Quando tutti i riflettori del mondo sono su una visita mediatica così importante, è normale che vengano attribuiti risultati (nel breve termine) che magari corrispondono ad altre dinamiche. In un’intervista con Formiche.net, Giampiero Gramaglia, giornalista e consigliere per la comunicazione dell’Istituto Affari Internazionali, spiega che l’avvicinamento dell’Israele alla Turchia non è precisamente un effetto immediato della visita di Barack Obama in Terra santa.

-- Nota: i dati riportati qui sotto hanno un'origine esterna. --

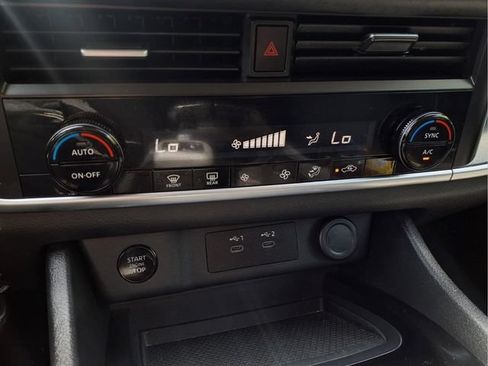 Used 2025 Nissan Rogue SV FWD image 23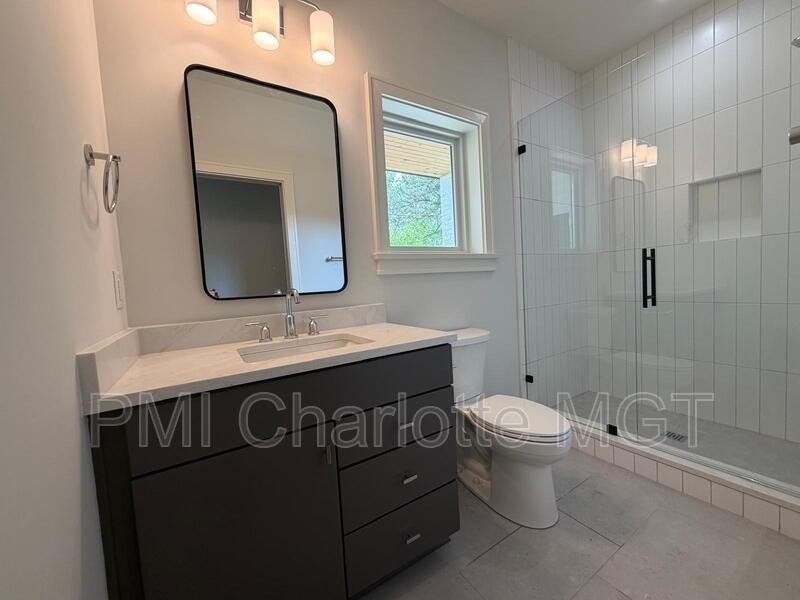 432 Dover Ave - Photo 5 of 26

“La visita di Obama è importante perché è la prima volta. Durante il suo primo mandato il presidente americano non era mai andato in Israele. Invece, adesso, è la prima missione all’estero del secondo mandato. Ma bisogna capire che in realtà non è stato lasciato nessun segno nel processo di pace tra israeliani e palestinesi. La situazione è ferma su quel fronte”, ha detto il giornalista.

Le scuse che ha rivolto Benjamín Netanyahu alla Turchia per l’attacco in acque internazionali a Gaza Mavi Marmara a maggio del 2010 sono effettivamente un superamento delle tensioni tra i due Paesi. Ma, secondo Gramaglia, era un riavvicinamento inevitabile e in questo Obama è intervenuto ben poco. “Faceva parte degli interessi di entrambi. Israele non ha altri alleati nella regione. Con l’Egitto in fase di transizione, non ha interlocutori nell’Islam. Dobbiamo però aspettare ulteriori conferme”, ha spiegato Gramaglia.

Il ruolo pallido dell’Europa
Se ben poco può fare l’America, poco può fare anche l’Unione europea. Secondo il giornalista, il ruolo dell’Europa in Medio oriente negli ultimi anni è stato fino adesso pallido e labile: “Dopo l’esplosione della crisi economica del 2009 l’Europa ha avuto pochissima influenza nella regione mediorientale, nonostante sia molto vicina. Ci sono state le Primavere arabe, la crisi in Libia e ora la guerra in Siria e si è fatto poco. È importante capire che nell’importante vicenda tra Israele e Palestina tutto è fermo”, ha detto Gramaglia.